:: Problem requirements ::
Pick every line with "flower" from the material below.

:: Data supplied ::
* * * *

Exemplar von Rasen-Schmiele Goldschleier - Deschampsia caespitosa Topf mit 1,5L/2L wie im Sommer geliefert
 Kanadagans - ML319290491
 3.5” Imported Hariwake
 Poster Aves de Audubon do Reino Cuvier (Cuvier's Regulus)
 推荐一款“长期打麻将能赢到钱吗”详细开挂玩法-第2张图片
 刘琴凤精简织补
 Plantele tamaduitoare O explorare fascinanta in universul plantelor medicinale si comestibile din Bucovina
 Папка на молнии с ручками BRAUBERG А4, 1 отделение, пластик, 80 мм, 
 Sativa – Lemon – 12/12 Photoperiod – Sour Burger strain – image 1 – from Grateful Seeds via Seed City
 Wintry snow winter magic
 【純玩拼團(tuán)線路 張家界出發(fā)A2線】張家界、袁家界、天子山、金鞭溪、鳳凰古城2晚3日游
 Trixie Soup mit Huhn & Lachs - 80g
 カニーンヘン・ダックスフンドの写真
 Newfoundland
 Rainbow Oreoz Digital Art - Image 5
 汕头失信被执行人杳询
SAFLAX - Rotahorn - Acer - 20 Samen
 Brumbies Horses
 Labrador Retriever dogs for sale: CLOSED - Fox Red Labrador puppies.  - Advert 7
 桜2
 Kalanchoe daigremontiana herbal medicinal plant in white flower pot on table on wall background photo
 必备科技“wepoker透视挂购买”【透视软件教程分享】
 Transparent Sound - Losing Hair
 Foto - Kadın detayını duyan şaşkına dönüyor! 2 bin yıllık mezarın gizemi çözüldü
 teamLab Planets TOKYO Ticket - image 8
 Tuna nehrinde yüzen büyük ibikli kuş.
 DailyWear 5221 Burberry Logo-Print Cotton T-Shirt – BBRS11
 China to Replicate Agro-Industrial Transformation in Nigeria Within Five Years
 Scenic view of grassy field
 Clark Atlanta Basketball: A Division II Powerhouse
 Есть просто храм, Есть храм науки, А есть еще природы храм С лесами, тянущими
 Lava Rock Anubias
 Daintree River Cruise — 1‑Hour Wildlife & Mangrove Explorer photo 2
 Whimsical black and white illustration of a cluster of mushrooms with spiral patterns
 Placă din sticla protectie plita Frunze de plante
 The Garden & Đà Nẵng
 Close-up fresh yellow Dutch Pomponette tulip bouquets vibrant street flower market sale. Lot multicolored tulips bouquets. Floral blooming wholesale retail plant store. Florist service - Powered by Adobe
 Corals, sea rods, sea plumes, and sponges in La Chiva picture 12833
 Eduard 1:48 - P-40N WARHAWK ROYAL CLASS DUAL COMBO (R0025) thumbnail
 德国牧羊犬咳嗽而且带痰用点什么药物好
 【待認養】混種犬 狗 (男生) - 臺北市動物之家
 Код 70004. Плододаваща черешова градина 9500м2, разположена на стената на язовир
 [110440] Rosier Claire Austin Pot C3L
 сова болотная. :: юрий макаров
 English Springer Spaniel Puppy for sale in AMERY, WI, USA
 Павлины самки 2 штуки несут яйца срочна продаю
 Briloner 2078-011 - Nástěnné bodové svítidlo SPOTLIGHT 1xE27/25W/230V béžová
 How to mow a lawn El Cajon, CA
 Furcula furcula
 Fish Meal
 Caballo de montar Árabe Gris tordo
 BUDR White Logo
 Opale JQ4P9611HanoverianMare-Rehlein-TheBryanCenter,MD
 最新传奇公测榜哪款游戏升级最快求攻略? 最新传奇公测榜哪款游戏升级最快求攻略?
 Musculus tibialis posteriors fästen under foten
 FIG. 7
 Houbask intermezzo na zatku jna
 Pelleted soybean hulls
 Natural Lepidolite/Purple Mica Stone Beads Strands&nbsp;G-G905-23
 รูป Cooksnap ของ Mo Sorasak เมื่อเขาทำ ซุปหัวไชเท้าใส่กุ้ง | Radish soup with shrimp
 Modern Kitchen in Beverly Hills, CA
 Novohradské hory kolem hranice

* * * *

:: Answer to the exercise ::
 Kalanchoe daigremontiana herbal medicinal plant in white flower pot on table on wall background photo
 Close-up fresh yellow Dutch Pomponette tulip bouquets vibrant street flower market sale. Lot multicolored tulips bouquets. Floral blooming wholesale retail plant store. Florist service - Powered by Adobe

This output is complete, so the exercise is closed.